Range to output from the entries below: the line containing "Casa com 2 quartos" through the line containing "New Balance 530". Set it down exactly, ends included, nothing else.

Short descriptive text snippets
━━━━━━━━━━

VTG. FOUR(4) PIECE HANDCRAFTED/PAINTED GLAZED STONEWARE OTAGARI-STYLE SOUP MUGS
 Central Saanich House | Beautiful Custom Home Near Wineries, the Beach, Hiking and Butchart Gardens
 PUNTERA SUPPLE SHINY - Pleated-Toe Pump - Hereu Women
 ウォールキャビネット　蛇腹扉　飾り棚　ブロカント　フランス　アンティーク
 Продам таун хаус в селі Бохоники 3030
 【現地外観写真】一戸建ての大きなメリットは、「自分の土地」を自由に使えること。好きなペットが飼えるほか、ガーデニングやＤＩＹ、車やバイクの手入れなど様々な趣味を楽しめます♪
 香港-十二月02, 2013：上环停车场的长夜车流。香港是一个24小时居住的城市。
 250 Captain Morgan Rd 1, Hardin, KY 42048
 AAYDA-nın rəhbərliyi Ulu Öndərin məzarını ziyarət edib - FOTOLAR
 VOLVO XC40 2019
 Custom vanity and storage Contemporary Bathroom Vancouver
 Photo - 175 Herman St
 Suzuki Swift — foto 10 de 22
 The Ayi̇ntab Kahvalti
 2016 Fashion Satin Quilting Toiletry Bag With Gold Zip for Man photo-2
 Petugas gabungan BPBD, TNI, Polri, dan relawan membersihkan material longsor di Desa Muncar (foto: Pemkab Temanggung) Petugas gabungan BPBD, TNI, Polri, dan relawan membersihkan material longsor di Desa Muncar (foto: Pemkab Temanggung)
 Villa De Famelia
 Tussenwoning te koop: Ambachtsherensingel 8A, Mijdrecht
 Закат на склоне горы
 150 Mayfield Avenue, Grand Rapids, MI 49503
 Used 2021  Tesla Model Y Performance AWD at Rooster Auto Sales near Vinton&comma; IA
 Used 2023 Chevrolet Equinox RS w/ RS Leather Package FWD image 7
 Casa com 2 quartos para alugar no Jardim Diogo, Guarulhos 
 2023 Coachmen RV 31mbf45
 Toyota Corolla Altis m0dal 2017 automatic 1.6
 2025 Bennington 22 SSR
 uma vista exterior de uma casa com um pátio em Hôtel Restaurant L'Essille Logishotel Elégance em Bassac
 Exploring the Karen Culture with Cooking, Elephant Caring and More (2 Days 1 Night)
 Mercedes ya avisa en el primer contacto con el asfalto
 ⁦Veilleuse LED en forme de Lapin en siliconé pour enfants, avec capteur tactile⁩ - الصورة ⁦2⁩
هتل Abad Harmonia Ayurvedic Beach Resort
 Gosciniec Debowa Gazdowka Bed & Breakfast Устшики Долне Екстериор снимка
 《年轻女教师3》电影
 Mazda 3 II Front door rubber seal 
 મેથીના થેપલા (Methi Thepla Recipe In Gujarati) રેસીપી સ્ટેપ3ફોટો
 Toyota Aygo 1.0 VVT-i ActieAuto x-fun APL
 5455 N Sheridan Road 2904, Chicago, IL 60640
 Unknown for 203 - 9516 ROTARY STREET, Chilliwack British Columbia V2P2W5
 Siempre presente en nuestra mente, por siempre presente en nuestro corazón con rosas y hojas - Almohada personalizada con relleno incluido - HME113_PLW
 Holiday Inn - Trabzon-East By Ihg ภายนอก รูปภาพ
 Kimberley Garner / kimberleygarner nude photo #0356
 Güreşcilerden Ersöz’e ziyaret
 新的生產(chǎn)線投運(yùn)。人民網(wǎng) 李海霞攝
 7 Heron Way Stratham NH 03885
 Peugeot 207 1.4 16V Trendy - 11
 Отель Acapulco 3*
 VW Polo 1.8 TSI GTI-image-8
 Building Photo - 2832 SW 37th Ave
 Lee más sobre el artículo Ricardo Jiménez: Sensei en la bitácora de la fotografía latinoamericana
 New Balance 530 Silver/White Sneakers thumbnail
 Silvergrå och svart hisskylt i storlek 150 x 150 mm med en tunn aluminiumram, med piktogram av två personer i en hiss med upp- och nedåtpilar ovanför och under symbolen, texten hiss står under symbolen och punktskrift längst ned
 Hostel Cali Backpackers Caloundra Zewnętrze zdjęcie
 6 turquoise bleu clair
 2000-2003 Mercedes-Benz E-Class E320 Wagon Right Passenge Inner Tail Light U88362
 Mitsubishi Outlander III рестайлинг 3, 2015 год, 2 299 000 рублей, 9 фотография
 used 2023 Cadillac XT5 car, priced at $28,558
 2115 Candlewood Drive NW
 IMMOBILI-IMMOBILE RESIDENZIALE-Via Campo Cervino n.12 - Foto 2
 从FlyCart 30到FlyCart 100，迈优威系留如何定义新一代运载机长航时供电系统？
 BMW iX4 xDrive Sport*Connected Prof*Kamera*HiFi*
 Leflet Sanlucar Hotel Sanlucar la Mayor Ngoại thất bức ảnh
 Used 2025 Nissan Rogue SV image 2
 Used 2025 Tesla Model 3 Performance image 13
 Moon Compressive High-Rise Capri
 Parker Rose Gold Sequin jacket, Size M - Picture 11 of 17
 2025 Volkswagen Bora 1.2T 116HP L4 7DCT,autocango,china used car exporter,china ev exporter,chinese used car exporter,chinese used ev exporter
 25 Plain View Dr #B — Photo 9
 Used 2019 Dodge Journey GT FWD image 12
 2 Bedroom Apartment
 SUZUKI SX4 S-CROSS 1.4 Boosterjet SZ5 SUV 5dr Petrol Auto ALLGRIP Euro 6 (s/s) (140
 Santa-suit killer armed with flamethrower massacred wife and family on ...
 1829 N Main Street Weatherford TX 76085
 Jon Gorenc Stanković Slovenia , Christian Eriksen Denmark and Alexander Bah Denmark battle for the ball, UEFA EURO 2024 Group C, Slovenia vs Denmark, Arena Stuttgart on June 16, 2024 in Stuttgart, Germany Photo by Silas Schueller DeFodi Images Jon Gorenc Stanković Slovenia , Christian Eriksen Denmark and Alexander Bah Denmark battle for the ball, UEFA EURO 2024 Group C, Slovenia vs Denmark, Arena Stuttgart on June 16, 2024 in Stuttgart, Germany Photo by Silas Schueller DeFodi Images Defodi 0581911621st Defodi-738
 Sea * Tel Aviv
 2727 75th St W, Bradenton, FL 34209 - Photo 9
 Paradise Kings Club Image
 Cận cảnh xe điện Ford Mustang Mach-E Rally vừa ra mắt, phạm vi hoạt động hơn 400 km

━━━━━━━━━━

## Solution for this exercise
 Casa com 2 quartos para alugar no Jardim Diogo, Guarulhos 
 2023 Coachmen RV 31mbf45
 Toyota Corolla Altis m0dal 2017 automatic 1.6
 2025 Bennington 22 SSR
 uma vista exterior de uma casa com um pátio em Hôtel Restaurant L'Essille Logishotel Elégance em Bassac
 Exploring the Karen Culture with Cooking, Elephant Caring and More (2 Days 1 Night)
 Mercedes ya avisa en el primer contacto con el asfalto
 ⁦Veilleuse LED en forme de Lapin en siliconé pour enfants, avec capteur tactile⁩ - الصورة ⁦2⁩
هتل Abad Harmonia Ayurvedic Beach Resort
 Gosciniec Debowa Gazdowka Bed & Breakfast Устшики Долне Екстериор снимка
 《年轻女教师3》电影
 Mazda 3 II Front door rubber seal 
 મેથીના થેપલા (Methi Thepla Recipe In Gujarati) રેસીપી સ્ટેપ3ફોટો
 Toyota Aygo 1.0 VVT-i ActieAuto x-fun APL
 5455 N Sheridan Road 2904, Chicago, IL 60640
 Unknown for 203 - 9516 ROTARY STREET, Chilliwack British Columbia V2P2W5
 Siempre presente en nuestra mente, por siempre presente en nuestro corazón con rosas y hojas - Almohada personalizada con relleno incluido - HME113_PLW
 Holiday Inn - Trabzon-East By Ihg ภายนอก รูปภาพ
 Kimberley Garner / kimberleygarner nude photo #0356
 Güreşcilerden Ersöz’e ziyaret
 新的生產(chǎn)線投運(yùn)。人民網(wǎng) 李海霞攝
 7 Heron Way Stratham NH 03885
 Peugeot 207 1.4 16V Trendy - 11
 Отель Acapulco 3*
 VW Polo 1.8 TSI GTI-image-8
 Building Photo - 2832 SW 37th Ave
 Lee más sobre el artículo Ricardo Jiménez: Sensei en la bitácora de la fotografía latinoamericana
 New Balance 530 Silver/White Sneakers thumbnail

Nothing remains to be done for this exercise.